To help counter this problem, the CMA presents safety presentations at various forums, including the Association of Mine Resident Engineers, the South African Colliery Engineers Association and the Mpumalanga Underground Coal Regional Tripartite Forum.
These training sessions also assist with issues being faced in the mining belt conveyor industry. The CMA also publishes continuously updated belt conveyor operation and safety guidelines on its website.
“Health and safety has always been the number one priority, with every mine aiming to achieve a 0% fatality rate. The CMA strives to continuously develop skills and knowledge relating to belt conveyor operation excellence and safety,” avers CMA chairperson Jay Pillay.
He adds that CMA members have opportunities on a bimonthly basis to present new information or case studies on the conveyor industry.
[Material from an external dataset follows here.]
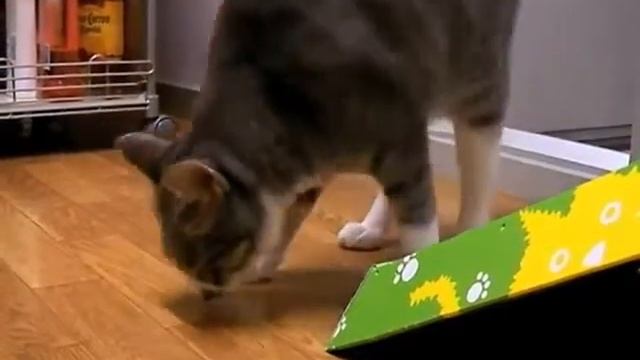 AIR SAND -кот наполняет песок воздухом )) смотреть онлайн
The CMA also has a joint forum with the South African Institute of Materials Handling, held yearly, providing technical presentations on new developments and guidelines.
Training in Motion
The CMA presents various courses to aid and upskill mines in proper conveyor use and practices. These courses include a diploma, which equips participants with the know-how needed to undertake calculations to determine conveyor belt tension and power requirements, as well as the belt class for the application and belt tensioning system criteria.
This course’s curriculum also includes pulley and idler selection, and guidance on catalogue selection of motors, geared reducers and couplings, which are vital to ensure efficient operation and safety.
“The diploma course intends to give insight to engineers with little or no knowledge on conveyors, with regard to their operation and the design of various components,” explains Pillay.
He adds that participants will be able to solve common problems associated with conveyor equipment, becoming aware of certain pitfalls and how to avoid them.
Ideal candidates for this course include newly graduated mechanical engineers and technicians, draughtsmen and mining operators engaged in the industry.
The diploma course, which is Engineering Council of South Africa accredited, runs over five days, with participants attending lectures, undertaking site visits and sitting for examinations.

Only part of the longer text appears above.